Published on June 2nd, 2015 | by gatsbyadmin


California Roots Music & Arts Festival 2015

This past Friday Adam Ill and I set out for our first experience at the California Roots Music & Arts Festival in Monterey, California and from the moment the trip started, it seemed as if our dread-locked and bare-foot fairy godmother had waved her magical joint over the entire weekend. Although our first meeting wasn’t until 6 that evening, the festival had actually begun that morning. So we set out early anticipating the inevitable traffic during Memorial Day weekend – or so we thought. For once, the 101 was clear the entire way, leading us to arrive at our hotel (which happened to be within walking distance to the Monterey Fairgrounds where the festival was being held) ahead of our scheduled time. Surprisingly, they allowed us to check-in early without question, further confirming my suspicions that this weekend held great things in store for us.

Although we arrived in Monterey in good time, we were both eager to get the festival and check everything out before the real work began. During our 9 years together, Adam (who you may be familiar with from his show “Getting High With”, Cannabis Cups or The Secret Sesh) and I have worked together or alongside each other several times but had never actually collaborated on coverage of an event. With both of us attending our first ever Cali Roots Fest at the same time, it seemed like the perfect opportunity to do a little cross-over coverage for Grimey Gatsby and brealtv.

As we walked over to the media check-in gate, we discussed our schedule for the first day, strategizing and planning how we would work out the interviews and coverage of different bands. Truthfully, there was a small (and I’ll admit, slightly selfish) reason I was glad we had decided to work together this time. As someone who is at best shy – and at worst completely awkward – when meeting new people, I was somewhat relieved to know that although I had done the research and prepared the questions, Adam would be taking over the actual interviewing duties. Orchestrating an interesting conversation and keeping your interview from being the same static questions that artists have undoubtedly heard many times before is an art form and he makes it look much easier than it really is. Once there, we met up with photographer Diego Olivares and his sister, Karina, who was acting as his assistant for the weekend. (As far as I was concerned, they were my own personal saviors; nobody wants me handling a camera unless they want footage of their feet).
Since I was particularly intimidated and awe-struck by the the work and long list of credits and accomplishments of the first artist we were scheduled to interview (without reason as he was incredibly kind and gracious), I was especially glad that he would be taking on this part of our coverage. First on our list was E.N. Young, an artist, writer and producer who was setting a new precedent at the Cali Roots Fest by performing three times this weekend on all three stages. In the past 5 years alone he has released two solo albums (his just released sophomore album, ‘Live Love Stay Up is available in original, acoustic and dub versions), produced ‘Soundwaves’ for Tribal Seeds before touring with them and ultimately joining the band and opening his own studio, Imperial Sound Recording Studio in San Diego, California. See his interview below to find out how he continues to fulfill his goal “to travel the world spreading good through music and inspiring others.”

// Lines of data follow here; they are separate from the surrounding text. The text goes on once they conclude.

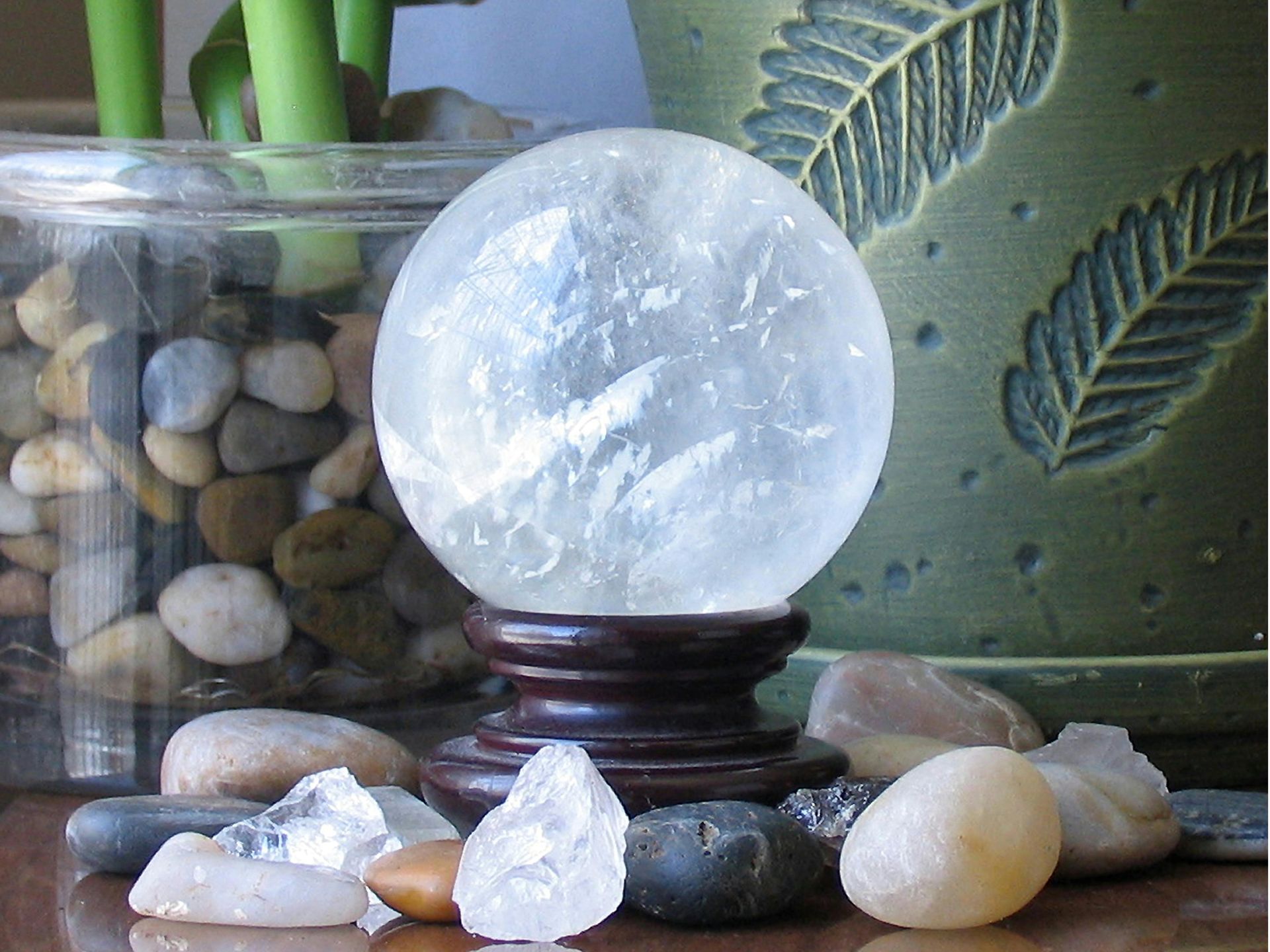 A crystal ball sits on a wooden stand surrounded by rocks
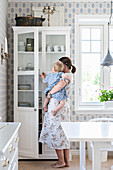 Mother and daughter stood in front of white cupboard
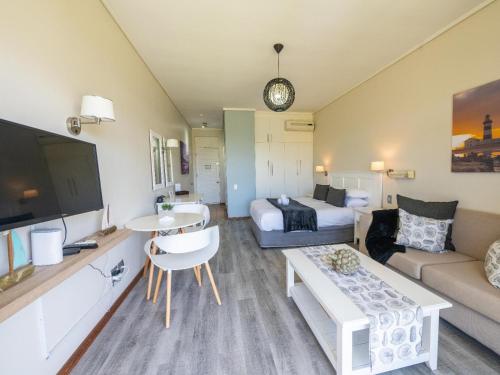 a living room with a bed and a couch at Unit 261 Brookes Hill Suites in Summerstrand
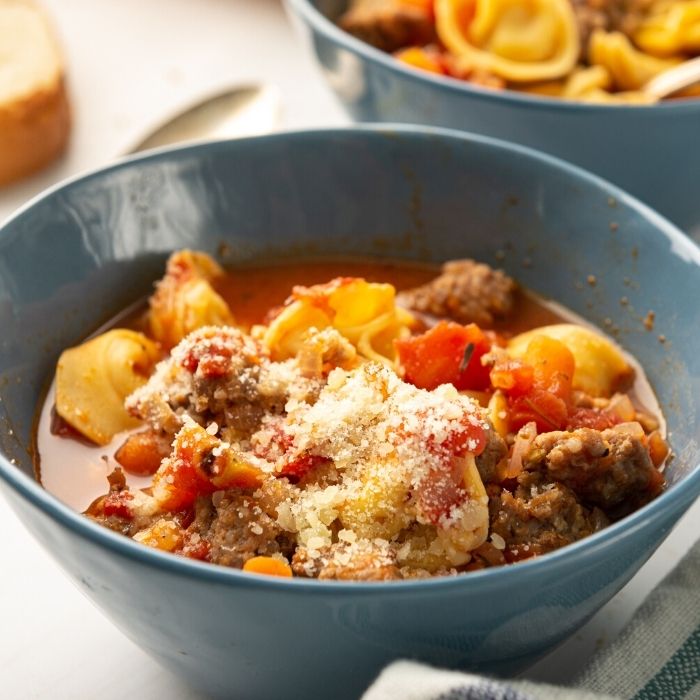 tortellini soup in a blue bowl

If there really was someone watching over us this weekend, they manifested themselves in the form of Dan Kelly, lead singer of Fortunate Youth. Our fairy godmother incarnate or rather, godfather (he really was like the godfather of the event; everyone knew and loved him) turned up during our interview with E.N. Young and was our self-appointed guide for our first experience at Cali Roots. Having attended the festival every year since it was formed, Dan was the most entertaining and informative of unofficial hosts as he showed us the ropes throughout the entire weekend. This included the most thorough tour of the grounds, a private sesh with the Fortunate Youth crew at the campground and the best place to get food (if you’re ever in Hermosa Beach, check out Silvio’s Brazilian BBQ. Monster fries with pulled pork and coleslaw… pure heaven).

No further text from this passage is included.